Source material.
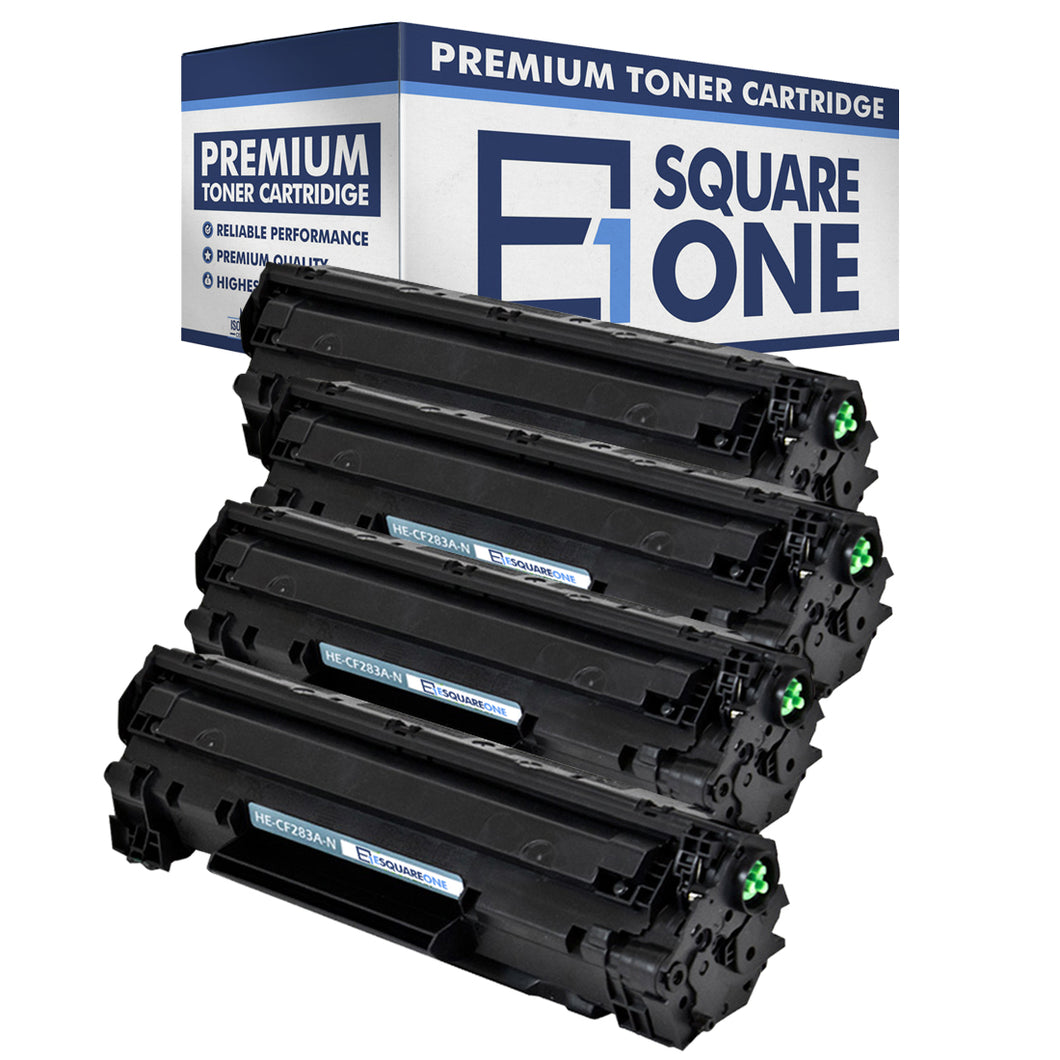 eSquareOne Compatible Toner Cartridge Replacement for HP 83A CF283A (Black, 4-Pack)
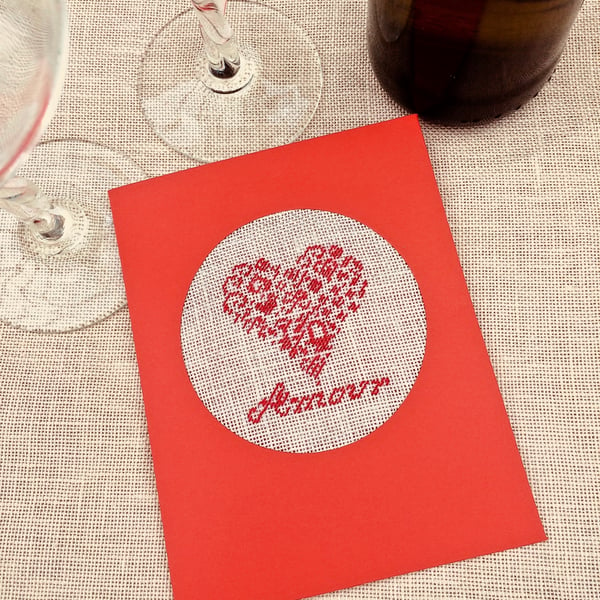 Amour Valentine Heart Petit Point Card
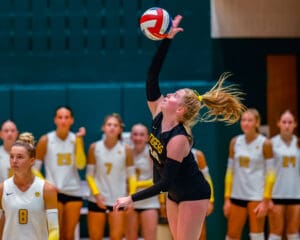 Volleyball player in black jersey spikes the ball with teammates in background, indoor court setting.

Task statement.
Retype exactly, please, the span from the line holding "Amour Valentine Heart Petit Point Card" through the closing line of the data, both ends included, without the pictures.

Expected answer.
 Amour Valentine Heart Petit Point Card
 Volleyball player in black jersey spikes the ball with teammates in background, indoor court setting.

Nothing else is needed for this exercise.